Time is of the essence
If you have been arrested for DUI, the arresting officer likely confiscated your driver's license. You were provided with a DMV form called a DS-367. This form is three pages long and is loaded with fine print. On the third page, one piece of information people frequently miss is the notice that you only have 10 days to request an administrative hearing with the DMV regarding your license suspension. If you, or your attorney, fail to request this hearing within 10 days, the suspension becomes automatic and cannot be challenged.

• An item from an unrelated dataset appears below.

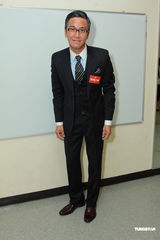 组图：《回到三国》试时装造型 马国明变花甲老人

For most people, having a suspended license in Alameda County makes day-to-day life extremely difficult. Even for a first time DUI, there will be at least 30 days of actual suspension before you become eligible to obtain a restricted license. That is why, in nearly all cases, you should request a DMV hearing. Contact our office and we can contact the DMV for you.
We will dig into your case, to show the DMV that a suspension is unwarranted. We obtain calibration and service records for the machines used to analyze your breath or blood. These machines are not infallible, especially when they have not been properly maintained and tested. We obtain records on the training and experience of the people who performed the tests, drew blood, analyzed blood, etc. Without proper training, the test results are unreliable. With blood samples, we can also obtain a court order to have the blood retested by an independent lab.
What is a Helmandollar Plea?
A Helmandollar plea is a way to force the DMV to either not suspend your license or to set aside a suspension that has already occurred. The peculiar name comes from the case Helmandollar v. Department of Motor Vehicles (1992) 7 Cal.App.4th 52, which made this type of plea agreement legal. This is how a Helmandollar plea works:
First, the defense attorney and the prosecution agree to settle the case for a wet reckless. Then in court, the client enters a plea of no contest to the wet reckless charge. Normally at this point, the DUI charges (i.e., the "(a) count" and the "(b) count") are dismissed.
However, with a Helmandollar plea, the judge then holds a bench trial on the (b) count. A bench trial is a trial without a jury where the judge hears the evidence and renders a verdict. The prosecutor agrees to not put on any evidence to support the (b) count. Without any evidence before the court, the judge must find the defendant Not Guilty of the charge.
An acquittal is then entered onto the record. This is significant because, if the DMV suspends a person's license for DUI, and that person obtains an acquittal in court, the DMV must set aside the suspension. This only works if there is an acquittal of VC 23152(b). A dismissal of the charge is meaningless to the DMV. The other reason why this works is a wet reckless conviction (VC 23103(a)/23103.5) does not trigger license suspension.
As you can see, the process is somewhat convoluted. Not all cases are realistic candidates for a Helmandollar plea. Not only will the prosecutor need to be persuaded to reduce the charge to a wet reckless, but he must also be convinced that there is good reason to agree to Helmandollar plea. Then the judge must also agree to do this plea. Some judges will simply not accommodate this request, even in the prosecution is on board.